Regardless, Femi cannot see Dahun leaking the information. For one thing, he was the person who finally killed Ranti. Femi recalls shooting the battery salesman–the report got it wrong–in the head, knowing that wouldn’t kill him because the head was just for show. Ranti’s brain was in his torso. Jack, who was seated beside Ranti, became complicit when he helpfully suggested shooting the gut. Ranti scrambled around the floor like a crab, and Dahun entered the room and finally shot the man to shreds.
If Dahun had a grudge he would hunt Femi down and try to kill her himself. No fuss, no masquerade, no fanfare.
No, this has to be that strange, efficient assistant of Jacques’.
Lora Asiko.
Femi turns to Tolu. “Next time you think of going kamikaze like that again, think of me shooting you in the testicles. I don’t even know why I let you in the car with me.”
“I let him in the car,” says Bad Fish.
“If you say so,” says Femi. “I hope you have enough oxygen in that suit.”
“I do.”
“Where are you taking us?” asks Femi.
“An abandoned hangar just outside a place that used to be known as Arodan. By the time I’ve finished work on it, it’ll be as secure as Aso Rock.”
Femi reads the news again. There is no development to the story, so the cycle keeps rehashing what they know, plus digging up people who know her for sound bites.
There’s that asshole Mustafa that I kissed in secondary school.
The federal government must be avoiding discussion of the hotel, which for them was a fiasco.
“Is it true what they say you did?” asks Bad Fish. “Did you kill that man in cold blood?”
“Yes.”
“Why?”
“Her job,” says Eric. “Why don’t you focus on driving?”
“If I’m going to help you, I need to know that you’re on the side of righteousness,” says Bad Fish.

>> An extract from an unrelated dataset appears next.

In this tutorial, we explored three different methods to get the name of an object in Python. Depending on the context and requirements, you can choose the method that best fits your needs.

“You’re the domkop wearing a pervert mask,” says Eric.
Bad Fish nods, an awkward motion in the suit. “I’d go back to South Africa soon if I were you, Eric Sunmola.”

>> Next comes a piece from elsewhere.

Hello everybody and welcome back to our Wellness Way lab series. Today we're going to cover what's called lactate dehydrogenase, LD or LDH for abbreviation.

“Is that… are you threatening me?”
“No. From her medical bills, I’d say your mother is very, very sick.”
“How did you…?”
“I know everything,” says Bad Fish. “Please don’t try to intimidate me. It won’t work and I’ll just have to hurt you back. I wouldn’t be here if I thought you could harm me, or if I didn’t know how to break you. All of you.”
“Go kiss a ganglion,” says Eric.
Femi puts her hand on his shoulder. “We are grateful for your help, Bad Fish. We owe you our lives.”
Headlights continue into the darkness, the road mercifully clear of checkpoints. Perhaps the police have already made their quota of bribes for the day.
Inside the car, silence, except for Femi repeating the newscast that speaks of her guilt in the murder of Ranti.